### Data for this task
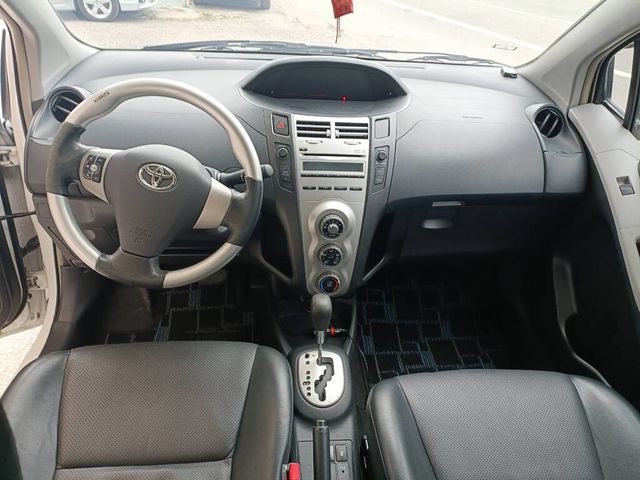 TOYOTA豐田 YARIS  第17張相片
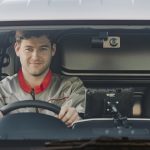 Three-quarters of UK fleet managers claim poor driving negatively impacts their business, new safety report reveals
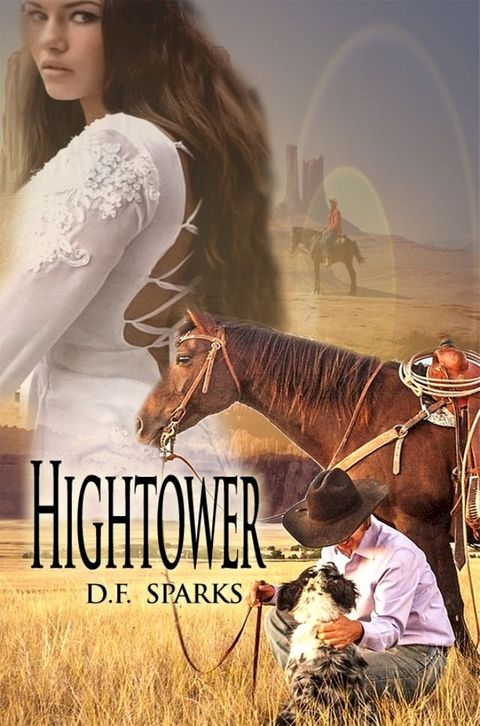 Hightower(Kobo/電子書)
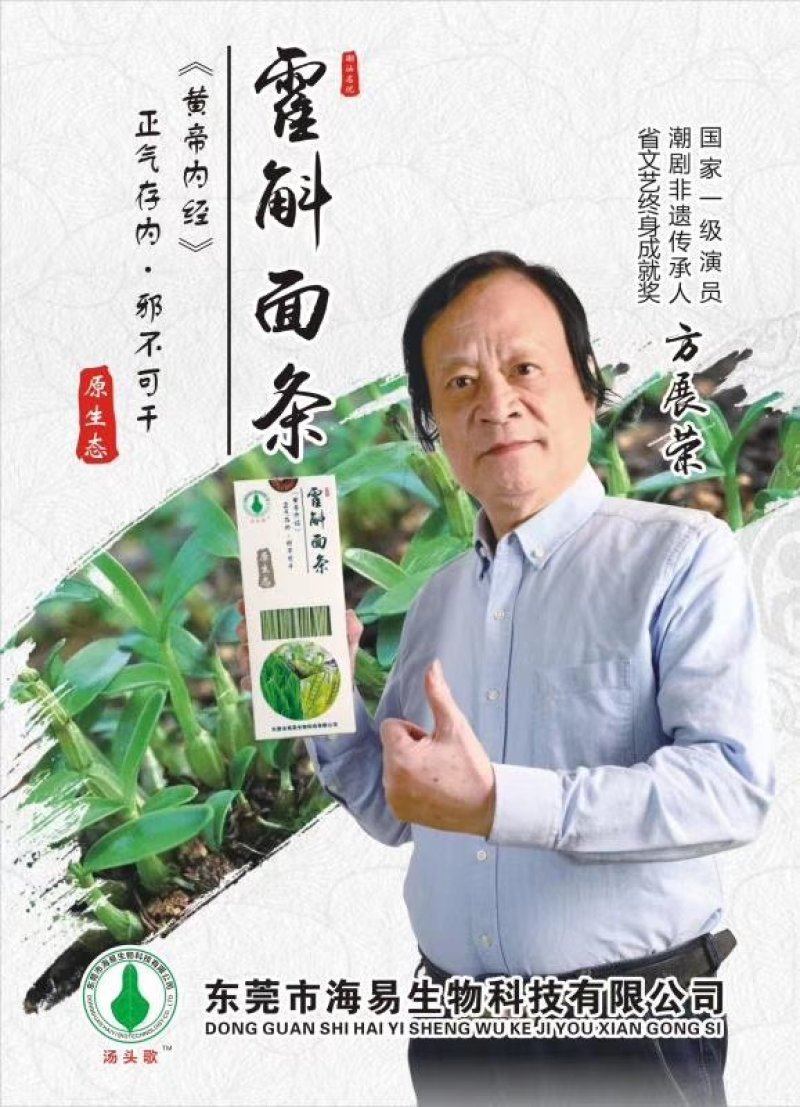 铁皮石斛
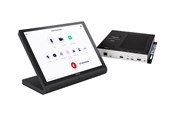 Videokonference - Crestron Electronics Crestron Flex UC-CX100-PRO-Z-WM - for Zoom Rooms - Integrator Kit - video conferencing kit - UC-CX100-PRO-Z-WM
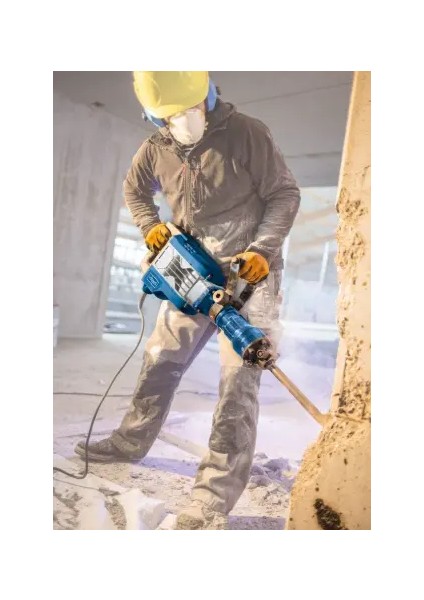 Elektrikli Kırıcı AB1900 1900W Scheppach indirimleri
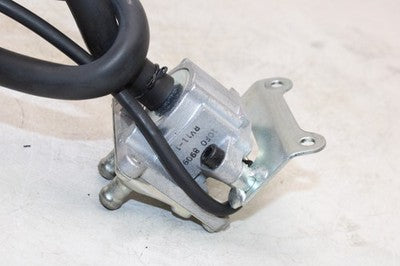 2009 Suzuki GS500F OEM AIR INDUCTION REED VALVE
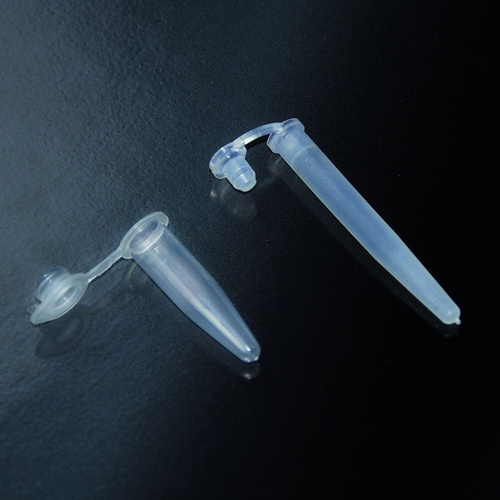 715348 Eppendorf mēģene 1,5 ml 1000 gab.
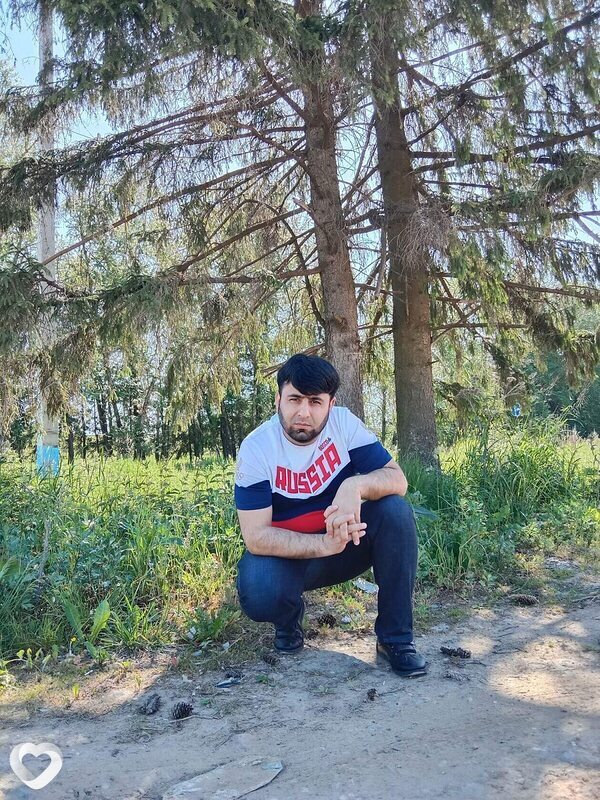 Нур, 35, Ногинске — анкета №2123650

### Try it
From the line that contains "Elektrikli Kırıcı AB1900" down to the last line of the entries above, copy every line exactly and leave out the pictures.

### Output for this task
 Elektrikli Kırıcı AB1900 1900W Scheppach indirimleri
 2009 Suzuki GS500F OEM AIR INDUCTION REED VALVE
 715348 Eppendorf mēģene 1,5 ml 1000 gab.
 Нур, 35, Ногинске — анкета №2123650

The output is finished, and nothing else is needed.